• Control Clin Trials · Jun 2002

    Principles, organization, and operation of a DNA bank for clinical trials: a Department of Veterans Affairs cooperative study.

    • Philip W Lavori, Heidi Krause-Steinrauf, Mary Brophy, Joel Buxbaum, Jennifer Cockroft, David R Cox, Louis Fiore, Henry T Greely, Harry Greenberg, Edward W Holmes, Lorene M Nelson, and Jeremy Sugarman.
    • Palo Alto VA Health Care System, Palo Alto, CA, USA. lavori@odd.stanford.edu
    • Control Clin Trials. 2002 Jun 1;23(3):222-39.

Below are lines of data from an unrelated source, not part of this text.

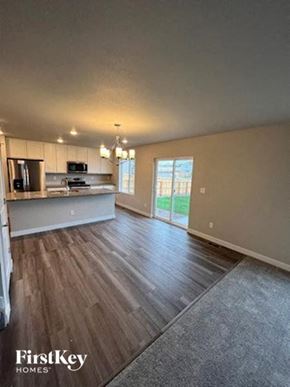 Colorado Springs house for rent - an empty living room and kitchen with wood floors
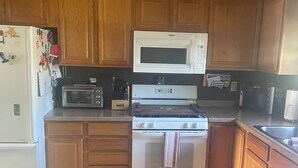 A kitchen with wooden cabinets, a white refrigerator, a microwave, a stove, and a sink.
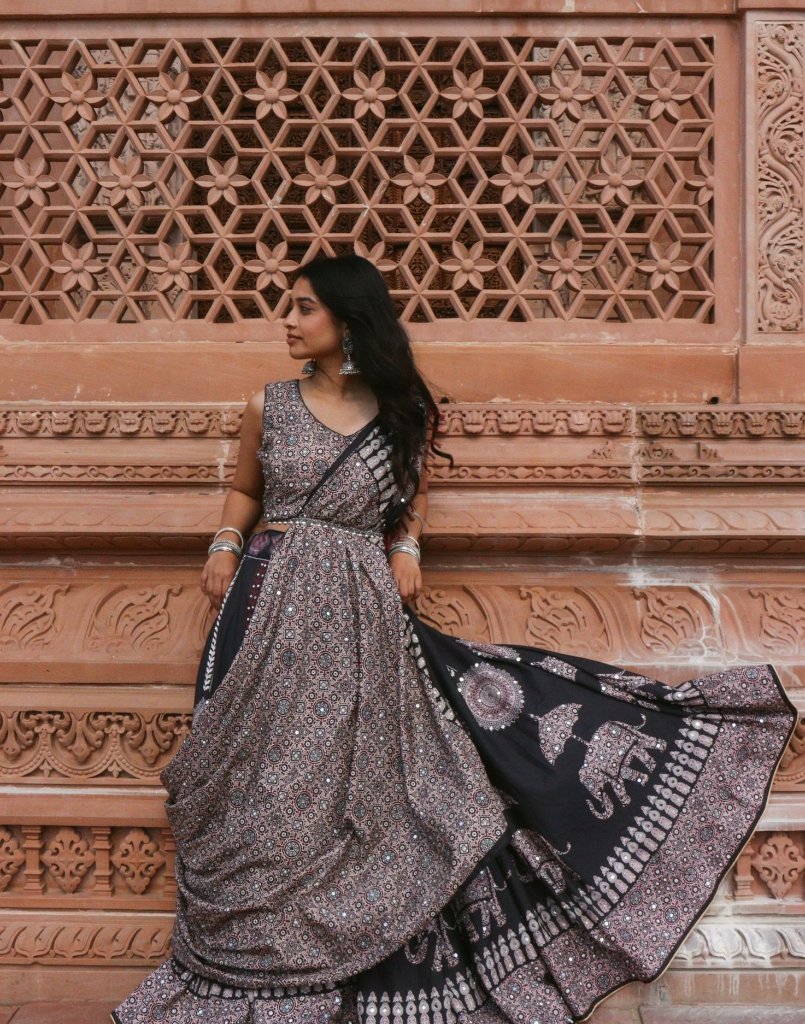 Portrait in traditional dress with ornate architecture
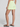 Person wearing a light green skirt on a plain background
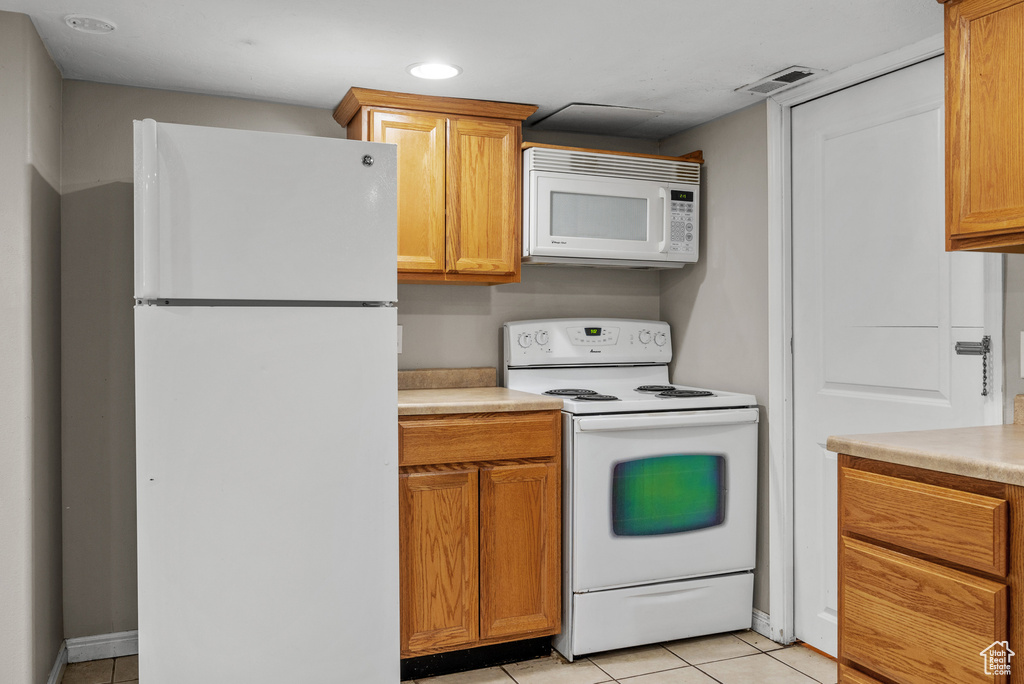 Kitchen featuring white appliances, light tile patterned floors, recessed lighting, light countertops, and brown cabinets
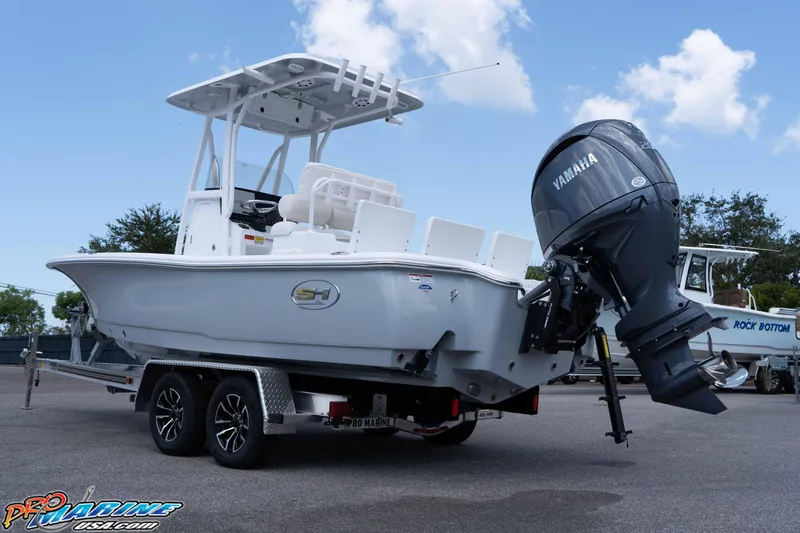 Slide: The Image of 2026 Sea Hunt BX 22 BR boat with Yamaha outboard motor on trailer. - 14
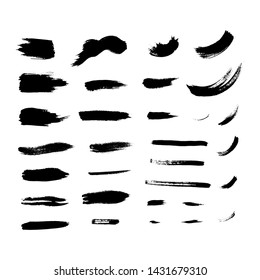 A collection of black brush strokes and spots in a white background. 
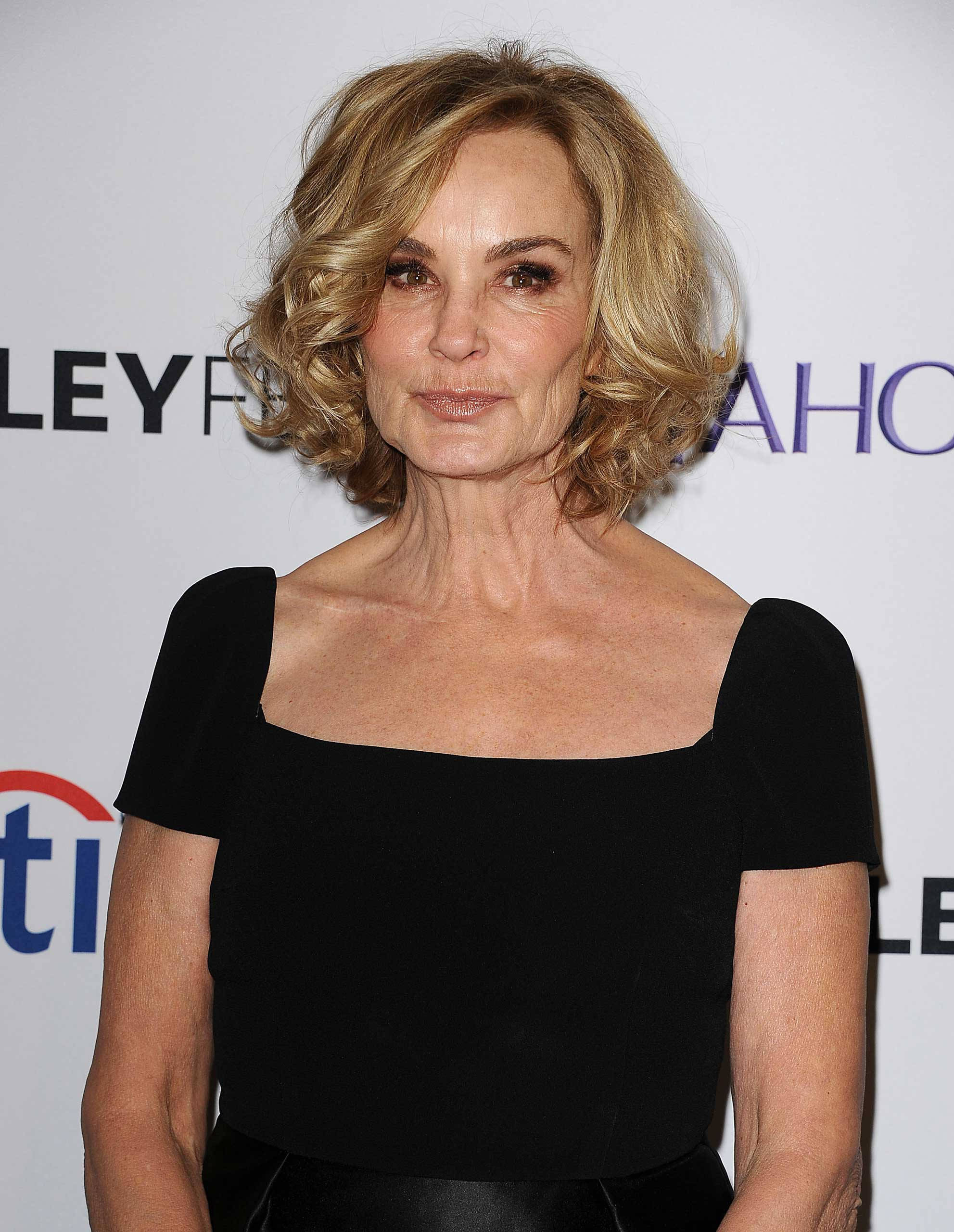 Jessica Lange, wavy blonde hair, black square-neck top, 2K Phone Wallpaper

    AbstractThe mapping and sequencing of the human genome promises rapid growth in understanding the genetically influenced mechanisms that underlie human disease. To realize this promise fully, it is necessary to relate genetic information to clinical phenotypes. Genetic tissue banking in clinical studies provides opportunities to analyze the genetic contribution to variation in response to treatments. The challenges to progress are likely to come from the complex organizational, social, political, and ethical issues that must be resolved in order to put clinical and DNA bank information together. Concerns about subjects' rights, informed consent, privacy, and ownership of genetic material require attention in the development of DNA banks. In this paper we describe one approach to the solution of these problems that was adopted by one clinical trials group, the Department of Veterans Affairs Cooperative Studies Program.